As my current full time job is working for WWF, an NGO, I see great scope in the social realm for causes and agenda’s that connect to individuals personal and emotional feelings. It is far more relevant and engaging for the user or follower to get notices/ posts about human rights, environmental advocacy, legal injustices, social welfare, politics and other similarly emotionally charged debates than it is to receive an update about a tennis shoe brand. The cause appeals to their sense of right and wrong, it aligns or opposes their value system and they have an emotional reaction. Conversations are born out of passion.
Having said that, that’s not to say that there is no place for social media in the corporate or advertising world. We all love seeing a new television commercial (TVC) from Nike with all our favourite soccer stars doing fancy tricks with a black and white ball. Retailers are well positioned to announce sales or discounts or have a special promotion for their facebook or twitter followers.
My opinion on who can benefit from social (the most)

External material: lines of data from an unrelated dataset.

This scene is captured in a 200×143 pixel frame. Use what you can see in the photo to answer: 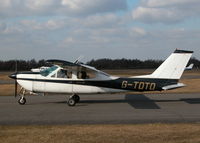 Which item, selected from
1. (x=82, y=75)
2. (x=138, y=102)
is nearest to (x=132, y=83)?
(x=138, y=102)

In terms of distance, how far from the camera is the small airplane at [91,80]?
16.4 m

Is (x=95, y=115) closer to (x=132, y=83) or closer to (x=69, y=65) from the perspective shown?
(x=69, y=65)

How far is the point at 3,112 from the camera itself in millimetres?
13539

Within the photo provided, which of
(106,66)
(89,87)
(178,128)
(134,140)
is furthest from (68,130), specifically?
(106,66)

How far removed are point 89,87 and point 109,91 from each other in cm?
108

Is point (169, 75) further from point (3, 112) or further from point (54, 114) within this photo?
point (3, 112)

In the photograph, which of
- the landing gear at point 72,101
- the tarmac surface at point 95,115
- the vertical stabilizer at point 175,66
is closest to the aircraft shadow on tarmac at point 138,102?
the tarmac surface at point 95,115

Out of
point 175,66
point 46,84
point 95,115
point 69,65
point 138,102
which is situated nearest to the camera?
point 95,115

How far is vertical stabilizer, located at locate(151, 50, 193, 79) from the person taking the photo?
646 inches

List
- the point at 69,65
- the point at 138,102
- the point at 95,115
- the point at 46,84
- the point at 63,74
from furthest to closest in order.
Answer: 1. the point at 138,102
2. the point at 63,74
3. the point at 46,84
4. the point at 69,65
5. the point at 95,115

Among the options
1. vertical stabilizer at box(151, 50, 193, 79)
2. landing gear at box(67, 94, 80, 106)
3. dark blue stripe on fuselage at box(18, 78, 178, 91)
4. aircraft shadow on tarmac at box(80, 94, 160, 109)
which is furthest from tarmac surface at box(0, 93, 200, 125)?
vertical stabilizer at box(151, 50, 193, 79)

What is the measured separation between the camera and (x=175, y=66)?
1658cm

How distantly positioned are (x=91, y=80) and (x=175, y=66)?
444 centimetres

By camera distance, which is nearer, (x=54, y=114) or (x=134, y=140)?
(x=134, y=140)
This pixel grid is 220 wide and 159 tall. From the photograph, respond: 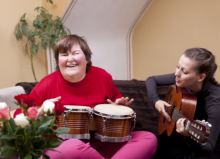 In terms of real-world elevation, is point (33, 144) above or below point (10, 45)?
below

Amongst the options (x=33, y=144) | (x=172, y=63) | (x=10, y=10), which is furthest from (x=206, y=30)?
(x=33, y=144)

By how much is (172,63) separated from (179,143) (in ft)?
6.02

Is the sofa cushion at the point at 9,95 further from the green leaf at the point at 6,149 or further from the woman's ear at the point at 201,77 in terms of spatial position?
the woman's ear at the point at 201,77

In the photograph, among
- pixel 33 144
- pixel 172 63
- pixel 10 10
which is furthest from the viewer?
pixel 172 63

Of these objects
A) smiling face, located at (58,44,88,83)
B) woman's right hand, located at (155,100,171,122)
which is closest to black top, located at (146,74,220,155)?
woman's right hand, located at (155,100,171,122)

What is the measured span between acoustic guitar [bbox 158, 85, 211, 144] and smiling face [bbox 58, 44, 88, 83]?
0.70m

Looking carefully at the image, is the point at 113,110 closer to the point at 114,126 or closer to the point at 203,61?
the point at 114,126

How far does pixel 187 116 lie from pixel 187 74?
261 millimetres

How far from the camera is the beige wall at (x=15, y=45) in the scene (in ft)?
7.83

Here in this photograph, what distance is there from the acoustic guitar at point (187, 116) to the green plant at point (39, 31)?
1.71m

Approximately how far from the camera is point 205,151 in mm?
1170

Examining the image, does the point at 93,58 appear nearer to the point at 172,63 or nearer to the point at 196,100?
the point at 172,63

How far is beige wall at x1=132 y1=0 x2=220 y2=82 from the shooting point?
9.09ft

But in my personal, and professional opinion, it is rare that individuals and consumers will have the same intense reaction to a message from chocolate company or a job board or a broadband provider, no matter how good their strategy or how relevant chocolate or internet or jobs are to your life, you’re not going to be able to get that same emotional connection on a daily basis. Corporates can definitely hit the mark at times and there are messages that will resonate with their followers, but I think the odds are already stacked against them.
Social is still used primarily as a broadcast channel – by NGOs as well as corporates and brands. And unfortunately for all of us, there is just so much noise out there, its difficult to cut through. Where the broadcast works well is for media, news and entertainment brands, where the information is current and topical and is only news for the day. Some of the people that follow me on Twitter (@Shanellekari) are following 17,000 other people, brands and organisations, their twitter feed would be so jam packed, the chances of them seeing an individual post are rare.

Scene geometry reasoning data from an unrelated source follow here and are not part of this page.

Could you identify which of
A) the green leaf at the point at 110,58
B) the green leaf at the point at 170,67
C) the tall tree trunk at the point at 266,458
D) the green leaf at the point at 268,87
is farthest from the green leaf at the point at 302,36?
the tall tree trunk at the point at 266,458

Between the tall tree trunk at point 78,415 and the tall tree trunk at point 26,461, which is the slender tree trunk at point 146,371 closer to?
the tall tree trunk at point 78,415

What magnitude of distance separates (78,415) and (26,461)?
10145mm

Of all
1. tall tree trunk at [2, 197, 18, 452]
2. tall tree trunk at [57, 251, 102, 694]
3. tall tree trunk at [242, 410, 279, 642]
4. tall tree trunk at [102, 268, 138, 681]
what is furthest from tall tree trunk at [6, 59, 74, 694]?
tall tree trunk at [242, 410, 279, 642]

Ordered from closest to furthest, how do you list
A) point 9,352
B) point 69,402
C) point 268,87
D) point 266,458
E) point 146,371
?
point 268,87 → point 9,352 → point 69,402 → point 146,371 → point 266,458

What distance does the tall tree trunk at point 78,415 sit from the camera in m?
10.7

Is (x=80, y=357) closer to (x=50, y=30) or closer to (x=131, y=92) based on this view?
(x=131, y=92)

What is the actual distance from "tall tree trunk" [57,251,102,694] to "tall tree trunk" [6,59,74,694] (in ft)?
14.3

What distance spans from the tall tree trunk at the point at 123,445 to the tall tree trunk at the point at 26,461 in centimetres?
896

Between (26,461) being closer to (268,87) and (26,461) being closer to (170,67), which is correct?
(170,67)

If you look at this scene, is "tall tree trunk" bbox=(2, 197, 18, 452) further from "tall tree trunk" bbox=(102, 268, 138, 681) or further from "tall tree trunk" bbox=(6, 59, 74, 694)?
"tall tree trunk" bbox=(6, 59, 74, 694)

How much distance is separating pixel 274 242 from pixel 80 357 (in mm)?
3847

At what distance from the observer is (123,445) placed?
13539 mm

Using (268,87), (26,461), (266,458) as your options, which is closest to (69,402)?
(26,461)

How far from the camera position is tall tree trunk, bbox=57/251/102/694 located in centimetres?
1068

An overwhelming amount of information is coming at us – can we take it all in?
Many twitter users send 6 messages out every hour. I log into my account and I have 5 messages at 4.53pm from SEO_Hacker and another 5 from another person I follow and I scroll down the list but it starts to look like wallpaper. There is a point where you start to self-select and stop following people that over communicate, even if its relevant, as you can’t possibly consume everything that comes at you.
But this is another problem entirely, the sheer volume of information that is available. And my boss yesterday summed it up beautifully, “Will we get to a place where we have these incredibly well connected people who just never have enough time to communicate on an individual level with their connections” – the answer is yes. Unless you’re a dedicated Social Media Manager or Community Manager, no one has the time to stay on top of all their contacts. I only follow about 60 people on twitter and I’m already overwhelmed.

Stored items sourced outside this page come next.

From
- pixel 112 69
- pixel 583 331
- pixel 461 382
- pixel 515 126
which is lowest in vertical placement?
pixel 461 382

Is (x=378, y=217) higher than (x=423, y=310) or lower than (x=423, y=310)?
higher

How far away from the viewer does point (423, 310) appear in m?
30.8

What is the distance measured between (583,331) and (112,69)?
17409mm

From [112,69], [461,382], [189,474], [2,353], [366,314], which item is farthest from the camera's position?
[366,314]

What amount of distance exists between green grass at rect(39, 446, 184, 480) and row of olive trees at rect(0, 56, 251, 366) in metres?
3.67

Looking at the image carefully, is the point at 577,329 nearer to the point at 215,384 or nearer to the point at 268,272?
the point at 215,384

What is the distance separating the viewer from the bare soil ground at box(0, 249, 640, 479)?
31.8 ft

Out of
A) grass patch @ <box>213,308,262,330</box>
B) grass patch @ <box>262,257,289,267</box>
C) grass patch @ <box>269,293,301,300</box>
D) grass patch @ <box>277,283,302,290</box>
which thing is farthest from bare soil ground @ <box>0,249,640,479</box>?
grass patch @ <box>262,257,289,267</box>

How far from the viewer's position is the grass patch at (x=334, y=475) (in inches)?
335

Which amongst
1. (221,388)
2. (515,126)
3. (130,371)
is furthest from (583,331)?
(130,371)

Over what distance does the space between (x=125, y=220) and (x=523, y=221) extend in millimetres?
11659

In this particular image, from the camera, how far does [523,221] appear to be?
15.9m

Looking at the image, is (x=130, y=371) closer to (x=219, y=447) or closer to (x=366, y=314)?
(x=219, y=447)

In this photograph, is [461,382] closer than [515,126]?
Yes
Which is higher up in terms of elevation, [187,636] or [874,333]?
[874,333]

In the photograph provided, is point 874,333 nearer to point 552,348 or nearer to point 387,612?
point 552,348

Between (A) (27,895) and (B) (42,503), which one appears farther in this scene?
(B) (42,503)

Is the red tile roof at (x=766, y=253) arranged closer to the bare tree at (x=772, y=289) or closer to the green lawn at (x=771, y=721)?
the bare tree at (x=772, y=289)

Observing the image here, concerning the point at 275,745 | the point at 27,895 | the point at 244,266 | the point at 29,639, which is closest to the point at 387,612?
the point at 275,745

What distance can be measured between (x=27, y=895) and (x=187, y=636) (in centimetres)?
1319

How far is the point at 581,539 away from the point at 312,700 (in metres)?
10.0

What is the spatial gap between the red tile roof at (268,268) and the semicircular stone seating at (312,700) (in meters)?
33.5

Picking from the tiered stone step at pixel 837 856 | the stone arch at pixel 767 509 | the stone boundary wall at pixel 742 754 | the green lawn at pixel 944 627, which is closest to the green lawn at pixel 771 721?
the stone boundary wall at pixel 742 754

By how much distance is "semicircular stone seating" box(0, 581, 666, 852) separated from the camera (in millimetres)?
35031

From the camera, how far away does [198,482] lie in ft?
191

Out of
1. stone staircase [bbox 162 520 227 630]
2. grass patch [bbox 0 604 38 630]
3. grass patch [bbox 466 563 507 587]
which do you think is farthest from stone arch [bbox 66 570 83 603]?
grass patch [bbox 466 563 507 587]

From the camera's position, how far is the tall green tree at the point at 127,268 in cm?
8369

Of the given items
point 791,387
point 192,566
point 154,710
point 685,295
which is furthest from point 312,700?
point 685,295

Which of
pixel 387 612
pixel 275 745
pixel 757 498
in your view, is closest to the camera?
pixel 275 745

How to best use social media – for any business, cause or organisation
Where I DO think social media has a great advantage for corporates and brands, and any business or organisation really, is in retention and customer service or relationship management.
By listening or monitoring your brand for both positive and negative sentiments, you can possibly identify an unhappy customer and rectify the situation through relationship management, or further enhance the experience of an advocate of your brand, easily via the social media channel. By paying attention and listening when people are venting, and reacting quickly and appropriately, you could retain a customer that your brand might have lost. I gave a good case study of this in my blog on 29th April about how ROI can come in interesting ways.
If you are staffing your social media presence properly, you can direct customer enquiries to your facebook, twitter or linkedin profiles. Of course there is a perceived risk that by using these public channels other customers who do not have issues may start to complain as well, but in general it should work like a FAQs page. One customer asks a question or makes a complaint and by solving their problem, in a public forum, all of your existing customers and prospective customers, get the benefit of that interaction.
The brand, corporate or NGO is still able to broadcast their messages, but it creates are far deeper relationship with your users if you engage with them in a two way conversation. Whether its just answering a question about when the new video game is going to be released or promising to send out a replacement copy for a faulty product. If you surprise consumers with good service, quick and honest responses and in public, you will be pleasantly surprised with how they respond and share their good news story.
So I’ve given you a large brain dump and reading over bits and pieces of the above, I think I sold it better yesterday when discussing it with my boss, but I hope this perception has at least been helpful to some in guiding them in how they could use their social media presence for more than just broadcasting information. Give people more than 1 reason to follow you.
I’d be very interested to know if you agree or disagree with my opinion. If you’ve seen other uses of social media that you thought were particularly clever and engaging, please share.